Principal Dancer, American Ballet Theatre
"Ultimately I choose Gaynor Minden because I like their soft, quiet landings on stage, and how they let me feel my foot working against the floor - even with the hard shank that my flexible feet require. And they are comfortable - even after a long day of rehearsing, my feet feel great."
Veronika Part, Gaynor Minden wearer, Principal Dancer with American Ballet Theatre, and former star of the Kirov, has been taking audiences as well as critics by storm since her arrival at ABT in 2002.
"If a ballerina must show us something that we've never seen before - and I think she must - then Part is the most important ballerina dancing today."
So writes Laura Jacobs, dance critic for The New Criterion in her feature article on Veronika, "Assoluta." Assoluta is short for Prima Ballerina Assoluta, the honorific, bestowed only two or three times in a century, on the greatest ballerina of the day.
Growing up in St.

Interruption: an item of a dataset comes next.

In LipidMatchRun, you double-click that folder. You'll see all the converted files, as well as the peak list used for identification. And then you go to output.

Petersburg, Russia, Veronika had plenty of exposure to ballet with frequent visits to the Mariinsky Theater. As a small child she trained - and won a prize - in artistic gymnastics, then switched to ballet and enrolled at the legendary Vaganova Academy in 1988 at the age of 10, where she studied with acclaimed Russian dancers Inna Zubkovskaya and Elena Evteyeva. After graduating in 1996, she joined the Mariinsky Ballet (a.k.a. the Kirov Ballet) as a member of the corps de ballet and was promoted to soloist in 1998.

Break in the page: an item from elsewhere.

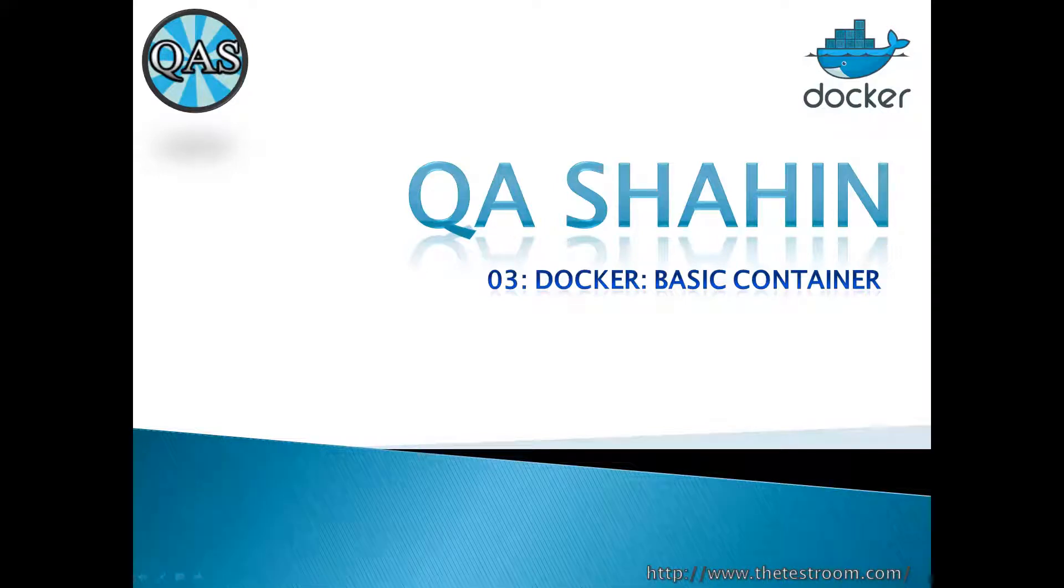Hi everyone, this is QA Shahin and in this video we're going to start looking at containers in a little bit more detail.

Her roles there included Nikiya in La Bayadere, the Queen of the Dryads in Don Quixote, Myrta, Moyna and Zulma in Giselle, Raymonda in Raymonda, the Lilac Fairy in The Sleeping Beauty, and Odette/Odile in Swan Lake. She also danced in George Balanchine's Apollo (Terpsichore), Jewels (Emeralds and Diamonds), Symphony in C (second movement), and Serenade, and in John Neumeier's The Sounds of Empty Pages.
Since joining ABT, Veronika has reprised several of these roles, including Odette/Odile and Raymonda, and added new ones, including Mercedes in Don Quixote, the Sugar Plum Fairy and the Snow Queen in The Nutcracker, and Lady Capulet in Romeo and Juliet. She created a leading role in Within You Without You: A Tribute to George Harrison. The spring of 2007 was especially exciting for her: Aurora in The Sleeping Beauty in ABT's lavish new production, coached by Gelsey Kirkland. She was promoted to Principal Dancer at ABT in 2009.

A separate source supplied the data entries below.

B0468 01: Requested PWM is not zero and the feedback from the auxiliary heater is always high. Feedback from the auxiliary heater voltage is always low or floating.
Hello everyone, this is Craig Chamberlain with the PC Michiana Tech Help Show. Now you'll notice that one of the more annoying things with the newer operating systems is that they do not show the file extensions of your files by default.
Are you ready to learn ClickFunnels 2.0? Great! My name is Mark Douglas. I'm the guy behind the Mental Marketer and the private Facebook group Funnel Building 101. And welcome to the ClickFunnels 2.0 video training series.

Jacobs writes, "a complete integration of power and delicacy... Part dances, as she was trained to, with her shoulders, bust, back, head, and hands, as well as legs and feet... those long, sapling feet... Part is bucking every trend in ballet." Of her Odette, critic Don Daniels noted that "New York hadn't seen such a Swan Lake since Makarova's." Of her interpretation of Balanchine's Mozartiana, Mary Cargill of Dance View said, "Part is an extraordinarily beautiful woman, but her face alone did not account for the light that seemed to come from inside her. In the Preghiera, her arms seemed to reach from here to the moon, and her backbend was like a bridge to heaven."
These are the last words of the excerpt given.